Domestic Abuse is defined by the UK government as being “any incident or pattern of incidents of controlling, coercive, threatening behaviour, violence, or abuse between those aged 16 or over who are, or have been, intimate partners or family members regardless of gender or sexuality.
Please see my article which deals with the procedural aspects involving applications of Domestic Abuse. In this article I shall focus on the concept of patterns of behaviour and how Practice Direction 12J is being interpreted by the Courts in such matters.
What is Practice Direction 12J
Practice Direction 12J (PD12J) provides guidance on child arrangement and contact orders in the context of domestic abuse and harm to children. Section 2A(1) of PD12J provides definition of domestic abuse which includes a range of categories of forms of abuse and sets out that such behaviour can be a single incident or a course of conduct. It relates directly to the Domestic Abuse Act 2021.
The Court in this case heard two appeals which involved the allegation of domestic abuse, sexual assault, and rape. The Court in such matters is tasked with assessing risk and harm for the children which are the subject of the proceedings, and not the criminal liability against one or more defendants. It was argued in this case that PD12J provide a framework for determining allegations of sexual abuse. However, the presiding Judge, Mrs Justice Knowles, stated that “PD12J to have one “…would inappropriately narrow the court’s focus…” and lead to box ticking rather than evaluating the evidence holistically.
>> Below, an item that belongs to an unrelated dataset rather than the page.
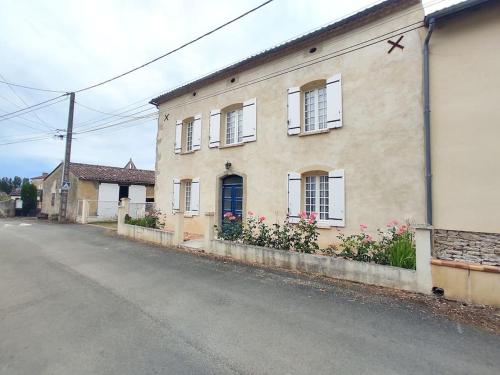Maison Authentique près de La Réole gîte à louer Saint-Martin-de-Lerm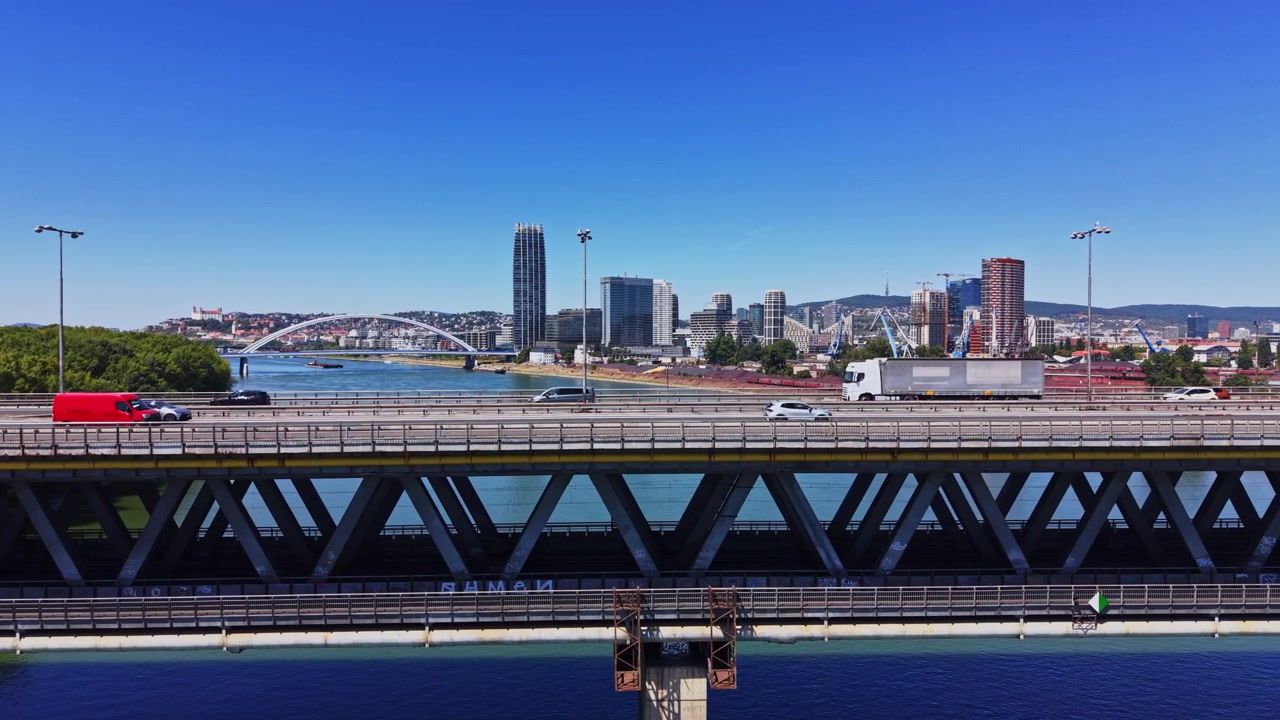 Traffico che scorre su un ponte con lo skyline di una città sullo sfondo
Rather, the framework has been established in case law in R V Lucas and Re H-N and provides the Court with ample guidance to determine such allegations.
Sexual history and behaviour to determine allegations
It is long established that previous sexual history with other people not involved in the proceedings is rarely relevant to determine an allegation of rape or sexual assault. However, Mrs Justice Knowles provided some guidance on admissibility of such evidence in the Family Court, namely that a written application should be made and that it is for the applicant to persuade the Court of the relevance and necessity of the evidence to the facts of the case. Whereas sexual history between partners is ordinarily admissible without the need for a separate application, further enforcing the principle that such behaviour can be reviewed in the round by the Court when determining allegations of domestic abuse.
What does this mean for the way allegations of domestic abuse are handled in light of PD12J?
PD12J falls short of providing substantive guidance on the impact of patterns of behaviour and allegations of rape, sexual assault, or domestic abuse, generally. The Court will review evidence of past sexual behaviour between partners, but by exception and under application, may review evidence of behaviour between other persons who are not party to the proceedings.
The aim for the Court is to determine the extent of harm to the children of the parties and not to establish liability under criminal law. Courts will refer to key guidance about patterns of coercive behaviour which has been established in R V Lucas and Re H-N. Where there has been an allegation of coercive and controlling behaviour, this should be core focus for the Court to deal with as part of its Fact-Finding Hearings and case management. Additionally, the Court will review relevant behaviour in the context of sexually abusive, and coercive and controlling behaviour in respect of determining the welfare of the children who are the subject of the proceedings.
PD12J, therefore, serves as a reminder to Courts to deal with Child Arrangements Orders where domestic abuse allegations have been established. Furthermore, the Court should make fundings of fact as to the nature and degree of domestic abuse and its effect in the child, parents and other relevant persons. To achieve this, it should consider, amongst other elements, “…what evidence is needed to establish the existence of coercive, controlling or threatening behaviour or other domestic abuse.”